[Materials provided Boundary: Start]

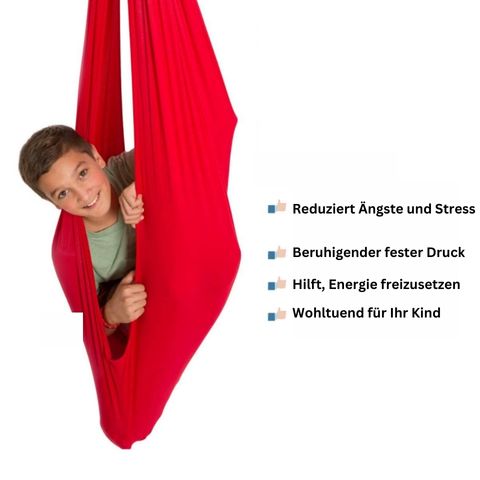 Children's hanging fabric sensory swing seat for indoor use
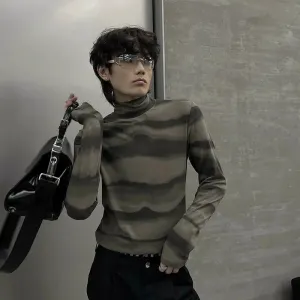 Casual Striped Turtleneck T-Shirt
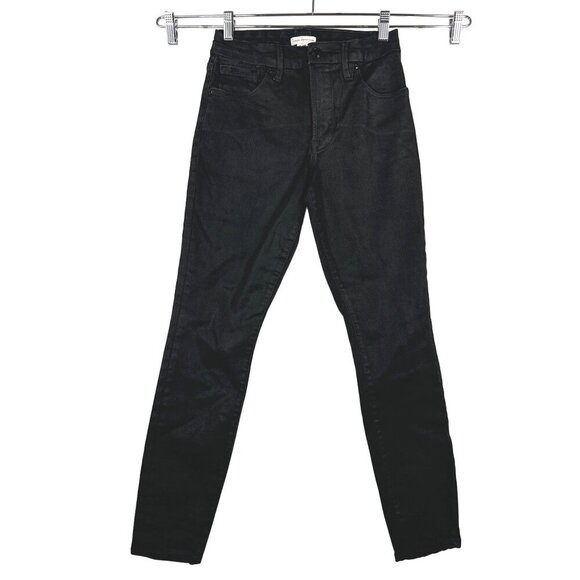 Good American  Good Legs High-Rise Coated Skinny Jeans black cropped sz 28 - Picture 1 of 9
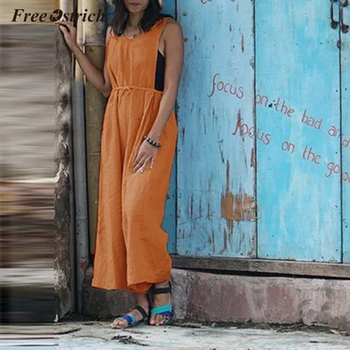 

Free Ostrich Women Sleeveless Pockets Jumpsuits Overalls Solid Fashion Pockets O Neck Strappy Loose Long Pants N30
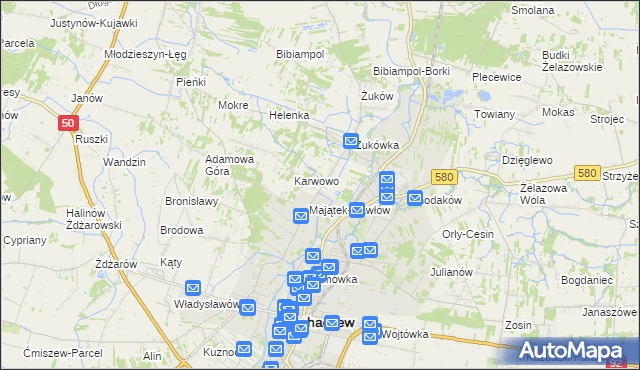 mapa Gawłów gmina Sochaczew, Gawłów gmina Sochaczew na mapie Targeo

[Materials provided Boundary: End]
[Materials provided Boundary: Start]

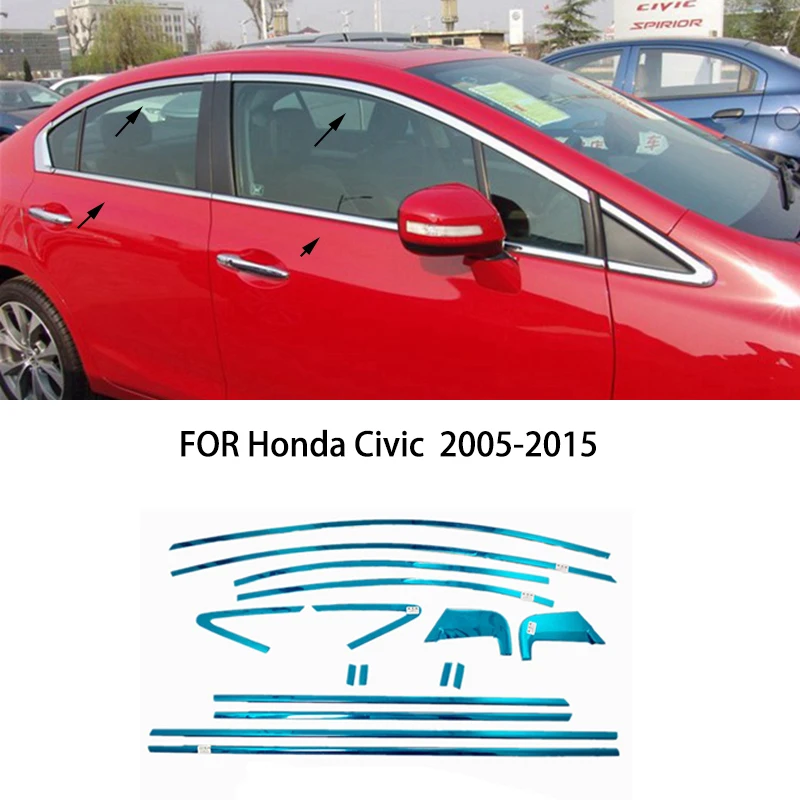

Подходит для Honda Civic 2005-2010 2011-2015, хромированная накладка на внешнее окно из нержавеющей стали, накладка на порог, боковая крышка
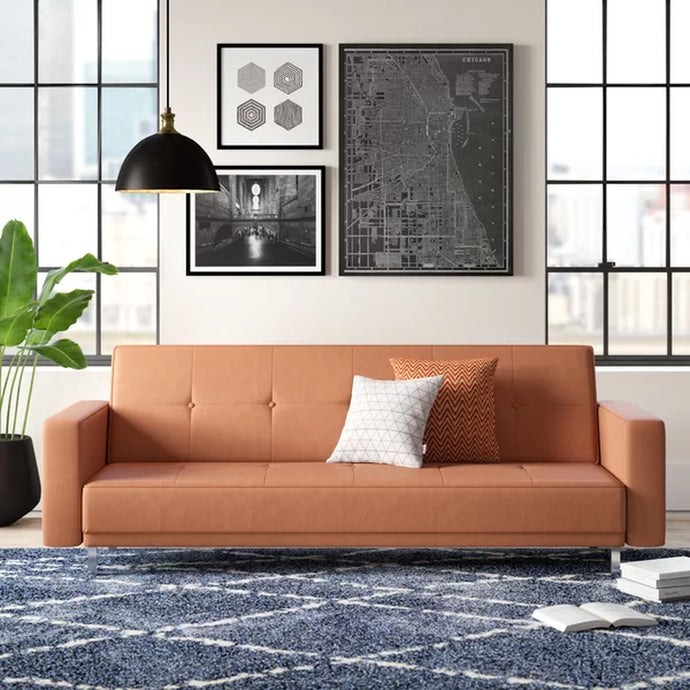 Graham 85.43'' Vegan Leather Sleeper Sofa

[Materials provided Boundary: End]
[Materials provided Boundary: Start]

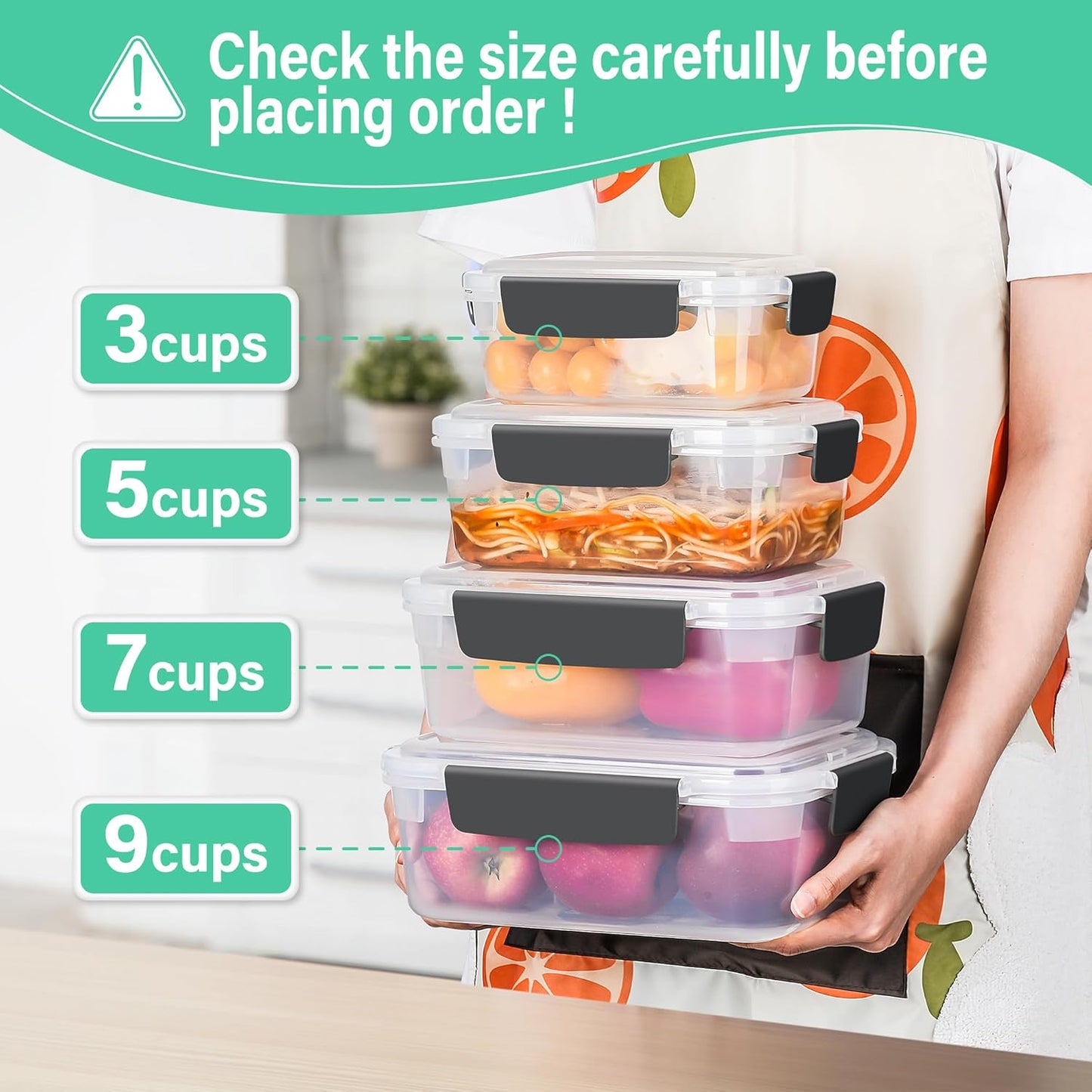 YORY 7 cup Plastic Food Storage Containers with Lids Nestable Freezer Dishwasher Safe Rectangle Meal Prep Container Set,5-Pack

[Materials provided Boundary: End]

▶ Work task:
Reproduce word for word, with pictures dropped, only the part of the material above that opens with the line containing "Casual Striped Turtleneck T-Shirt" and closes with the line containing "mapa Gawłów gmina".

▶ Output of the task:
 Casual Striped Turtleneck T-Shirt
 Good American  Good Legs High-Rise Coated Skinny Jeans black cropped sz 28 - Picture 1 of 9

Free Ostrich Women Sleeveless Pockets Jumpsuits Overalls Solid Fashion Pockets O Neck Strappy Loose Long Pants N30
 mapa Gawłów gmina Sochaczew, Gawłów gmina Sochaczew na mapie Targeo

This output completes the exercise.